Enzyme Classification

The Enzyme Commission classification system assigns a systematic name and a unique four-digit number to each enzyme. Enzymes are classified into six groups based on the type of reaction they catalyze:

  1. Oxidoreductases: Catalyze oxidation-reduction reactions.

  2. Transferases: Transfer functional groups.

  3. Hydrolases: Catalyze hydrolysis reactions (break down bonds using H2O).

  4. Lyases: Add or remove atoms to form a double bond.

  5. Isomerases: Rearrange atoms (isomerization).

  6. Ligases: Form bonds and synthesize larger molecules.
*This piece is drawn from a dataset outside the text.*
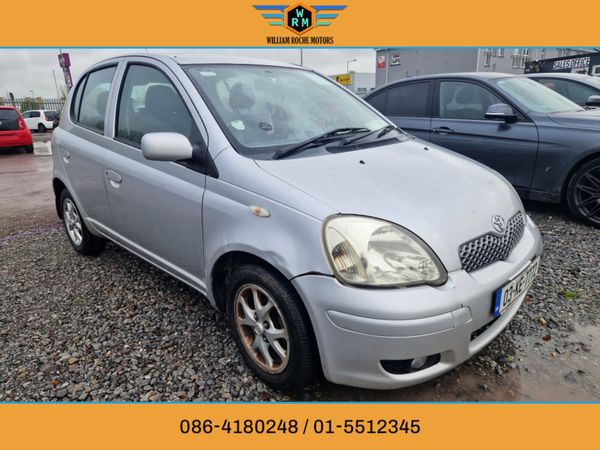 Toyota Yaris Hatchback, Petrol, 2003, Silver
Factors Affecting Enzyme Activity

  • pH

  • Temperature

  • Substrate concentration

  • Enzyme concentration

  • Inhibitors

  • Water activity

Temperature and Enzyme Activity

Enzymes have an optimum temperature at which they are most active. In humans, this is around 37°C. Activity increases with temperature up to the optimum, then declines. Enzymes can become denatured at high temperatures, ceasing activity.

pH and Enzyme Activity

Each enzyme has an optimum pH at which it performs best. Activity decreases on either side of this optimum pH. Extremes of pH can denature the enzyme or affect the charge of critical amino acids in the active site. The physiological pH in the human body is around 7.4, but some organs have enzymes that operate at different pH values.
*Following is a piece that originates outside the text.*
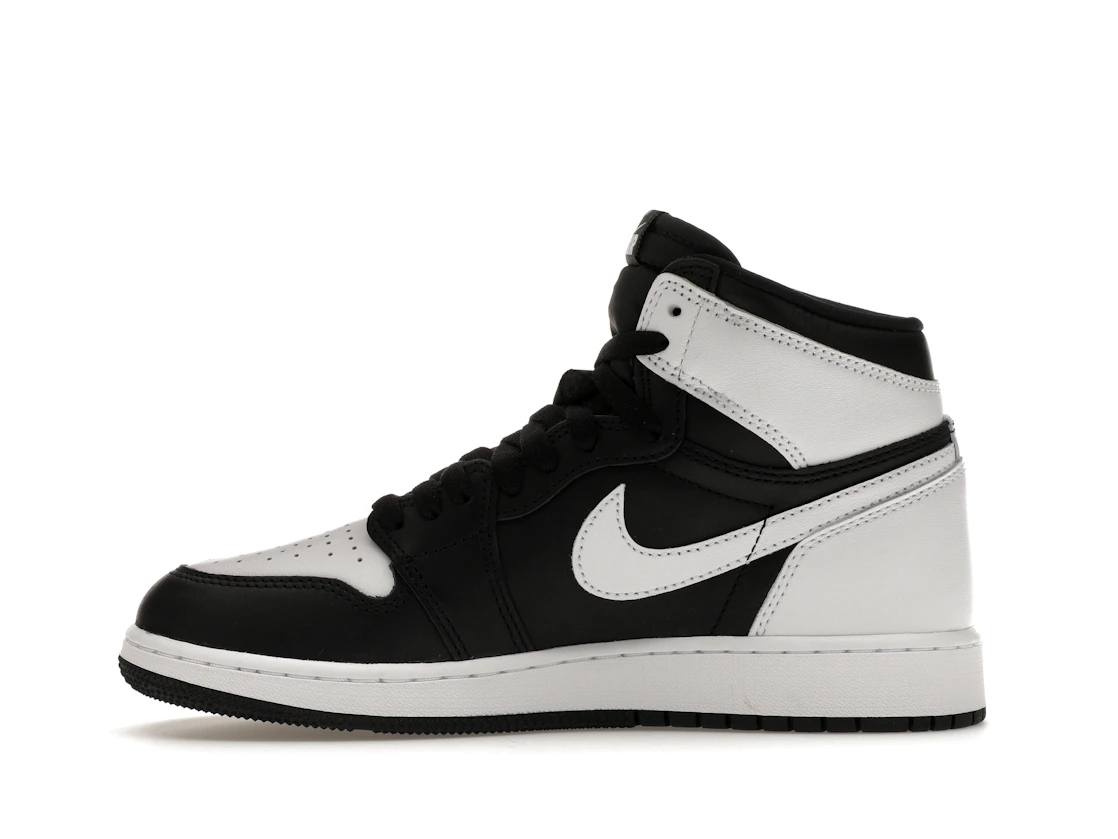Vue 19 de Jordan 1 Retro High OG Black White (GS)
Enzyme Concentration and Enzyme Activity

Generally, reaction rate increases with enzyme concentration. At a constant substrate concentration, the reaction rate is proportional to the amount of enzyme. Higher enzyme concentration increases the likelihood of enzyme-substrate collisions, speeding up the reaction.

Substrate Concentration and Enzyme Activity

At a constant enzyme concentration, the reaction rate increases with substrate concentration until the enzyme is saturated, and maximum activity is achieved.